THE PROBLEM
Only a slice of the listing below is wanted. Retype the lines from the one containing "MONOT Cut Out" through the one containing "Mothers Day Mama", exactly, both ends included.

DATA PROVIDED
----------------------------------------

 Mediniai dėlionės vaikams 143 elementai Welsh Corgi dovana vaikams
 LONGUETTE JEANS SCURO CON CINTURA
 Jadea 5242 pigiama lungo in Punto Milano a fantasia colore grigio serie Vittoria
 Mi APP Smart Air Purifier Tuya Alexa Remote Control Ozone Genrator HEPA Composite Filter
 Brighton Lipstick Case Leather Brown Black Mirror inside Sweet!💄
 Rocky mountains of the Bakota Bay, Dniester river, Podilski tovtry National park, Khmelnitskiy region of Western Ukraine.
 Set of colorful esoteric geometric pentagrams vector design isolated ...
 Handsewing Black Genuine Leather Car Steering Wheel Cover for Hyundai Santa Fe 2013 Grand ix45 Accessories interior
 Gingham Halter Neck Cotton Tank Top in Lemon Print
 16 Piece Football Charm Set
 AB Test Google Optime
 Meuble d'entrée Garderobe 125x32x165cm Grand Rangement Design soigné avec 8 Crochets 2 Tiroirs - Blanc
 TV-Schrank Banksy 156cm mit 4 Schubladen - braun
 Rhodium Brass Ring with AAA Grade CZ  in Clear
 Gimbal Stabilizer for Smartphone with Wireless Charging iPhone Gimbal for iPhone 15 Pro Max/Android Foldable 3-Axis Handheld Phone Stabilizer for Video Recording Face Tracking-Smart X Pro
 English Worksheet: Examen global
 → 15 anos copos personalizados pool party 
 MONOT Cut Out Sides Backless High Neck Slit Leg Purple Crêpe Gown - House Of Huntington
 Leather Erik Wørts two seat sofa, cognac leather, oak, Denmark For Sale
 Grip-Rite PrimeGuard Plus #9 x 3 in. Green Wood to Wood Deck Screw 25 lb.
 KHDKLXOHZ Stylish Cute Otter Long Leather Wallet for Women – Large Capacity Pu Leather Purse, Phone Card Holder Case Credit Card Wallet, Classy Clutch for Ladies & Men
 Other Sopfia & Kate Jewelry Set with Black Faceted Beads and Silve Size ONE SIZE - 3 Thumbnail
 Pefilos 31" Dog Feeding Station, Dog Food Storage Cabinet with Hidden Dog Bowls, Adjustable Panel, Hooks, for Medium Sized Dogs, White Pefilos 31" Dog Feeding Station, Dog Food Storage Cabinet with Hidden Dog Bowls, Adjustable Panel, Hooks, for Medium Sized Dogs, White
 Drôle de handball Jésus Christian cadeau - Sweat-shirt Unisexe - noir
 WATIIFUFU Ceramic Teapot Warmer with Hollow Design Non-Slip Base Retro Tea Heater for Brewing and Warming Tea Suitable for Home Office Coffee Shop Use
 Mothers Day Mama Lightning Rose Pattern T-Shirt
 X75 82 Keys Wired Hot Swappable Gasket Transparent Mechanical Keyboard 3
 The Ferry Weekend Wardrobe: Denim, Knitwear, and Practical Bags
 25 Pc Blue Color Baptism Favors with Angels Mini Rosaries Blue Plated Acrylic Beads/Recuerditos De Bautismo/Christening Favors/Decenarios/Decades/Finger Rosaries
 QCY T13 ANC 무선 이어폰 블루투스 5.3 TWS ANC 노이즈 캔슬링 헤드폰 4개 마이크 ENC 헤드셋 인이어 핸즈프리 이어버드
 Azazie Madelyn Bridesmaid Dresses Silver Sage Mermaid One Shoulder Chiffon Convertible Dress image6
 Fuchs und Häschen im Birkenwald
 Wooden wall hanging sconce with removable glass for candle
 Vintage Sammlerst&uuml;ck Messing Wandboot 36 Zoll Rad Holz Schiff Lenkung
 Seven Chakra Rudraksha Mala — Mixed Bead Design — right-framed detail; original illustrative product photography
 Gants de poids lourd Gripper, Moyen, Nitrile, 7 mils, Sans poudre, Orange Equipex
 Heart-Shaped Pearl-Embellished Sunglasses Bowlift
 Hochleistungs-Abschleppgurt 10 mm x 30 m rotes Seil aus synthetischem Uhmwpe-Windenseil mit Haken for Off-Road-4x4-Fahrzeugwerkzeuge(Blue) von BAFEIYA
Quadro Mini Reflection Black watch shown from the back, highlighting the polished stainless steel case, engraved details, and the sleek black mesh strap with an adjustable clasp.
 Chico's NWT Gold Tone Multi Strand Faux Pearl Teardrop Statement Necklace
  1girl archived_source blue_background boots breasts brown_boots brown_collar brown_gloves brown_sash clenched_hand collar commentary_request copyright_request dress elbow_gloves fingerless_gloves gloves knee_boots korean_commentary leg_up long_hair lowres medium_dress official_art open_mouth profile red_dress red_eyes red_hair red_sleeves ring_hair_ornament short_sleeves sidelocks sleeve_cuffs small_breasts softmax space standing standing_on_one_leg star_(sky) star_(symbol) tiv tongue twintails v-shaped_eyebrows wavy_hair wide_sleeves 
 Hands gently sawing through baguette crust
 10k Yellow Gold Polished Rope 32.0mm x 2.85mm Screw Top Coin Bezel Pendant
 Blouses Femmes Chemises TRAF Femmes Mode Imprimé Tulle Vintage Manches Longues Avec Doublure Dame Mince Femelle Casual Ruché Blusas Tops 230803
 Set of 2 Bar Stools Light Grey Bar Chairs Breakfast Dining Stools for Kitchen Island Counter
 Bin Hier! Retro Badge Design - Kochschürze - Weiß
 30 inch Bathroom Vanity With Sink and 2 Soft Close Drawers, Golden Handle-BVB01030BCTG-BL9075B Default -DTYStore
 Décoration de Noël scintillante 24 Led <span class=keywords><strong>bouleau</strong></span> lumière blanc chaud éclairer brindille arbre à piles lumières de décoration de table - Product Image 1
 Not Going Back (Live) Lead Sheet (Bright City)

----------------------------------------

YOUR SOLUTION
 MONOT Cut Out Sides Backless High Neck Slit Leg Purple Crêpe Gown - House Of Huntington
 Leather Erik Wørts two seat sofa, cognac leather, oak, Denmark For Sale
 Grip-Rite PrimeGuard Plus #9 x 3 in. Green Wood to Wood Deck Screw 25 lb.
 KHDKLXOHZ Stylish Cute Otter Long Leather Wallet for Women – Large Capacity Pu Leather Purse, Phone Card Holder Case Credit Card Wallet, Classy Clutch for Ladies & Men
 Other Sopfia & Kate Jewelry Set with Black Faceted Beads and Silve Size ONE SIZE - 3 Thumbnail
 Pefilos 31" Dog Feeding Station, Dog Food Storage Cabinet with Hidden Dog Bowls, Adjustable Panel, Hooks, for Medium Sized Dogs, White Pefilos 31" Dog Feeding Station, Dog Food Storage Cabinet with Hidden Dog Bowls, Adjustable Panel, Hooks, for Medium Sized Dogs, White
 Drôle de handball Jésus Christian cadeau - Sweat-shirt Unisexe - noir
 WATIIFUFU Ceramic Teapot Warmer with Hollow Design Non-Slip Base Retro Tea Heater for Brewing and Warming Tea Suitable for Home Office Coffee Shop Use
 Mothers Day Mama Lightning Rose Pattern T-Shirt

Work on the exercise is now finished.